Ovulation induction is pretty much the standard way of treating people with ovulatory disorders. The classic treatment would be clomiphene. The thing you should know about clomiphene is that it is NOT a steroid; it is very similar to tamoxifen. The reason, by the way, that tamoxifen was chosen for the treatment of breast cancer, since it was discovered in the 1950’s, the exact same time as Clomid, is that Clomid is much more potent and you can’t give it to somebody every day for five to ten years, whereas you can with tamoxifen. But they have the same mechanism of action, they are partial agonists and antagonists, and what you are doing is essentially fooling the pituitary and hypothalamus into thinking that the estrogen level in the periphery is low, so gonadotropins go up; specifically, their FSH goes up and you are provoking ovulation.

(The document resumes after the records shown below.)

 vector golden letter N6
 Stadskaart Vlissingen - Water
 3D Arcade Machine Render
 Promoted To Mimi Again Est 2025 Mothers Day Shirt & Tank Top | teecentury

Another tool that we can use for the infertile patient is laparoscopy. At one time, in the 1980’s, this was quite popular. Nowadays, it is pretty much reserved for people who have either unexplained infertility or infertility that you know is from something like a previous history of pelvic inflammatory disease or documented by hysterosalpingogram, blocked tubes that you want to try to open. There is usually some sort of therapeutic maneuver involved. It is quite rare to be used purely for diagnosis nowadays, because it is expensive and you can probably better spend those dollars elsewhere. If the person has some other issue, like pain, that might guide your therapy towards doing this. Examples of things that you might see would include endometriosis, thick and thin pelvic adhesions, which of course you could lyse while you are there.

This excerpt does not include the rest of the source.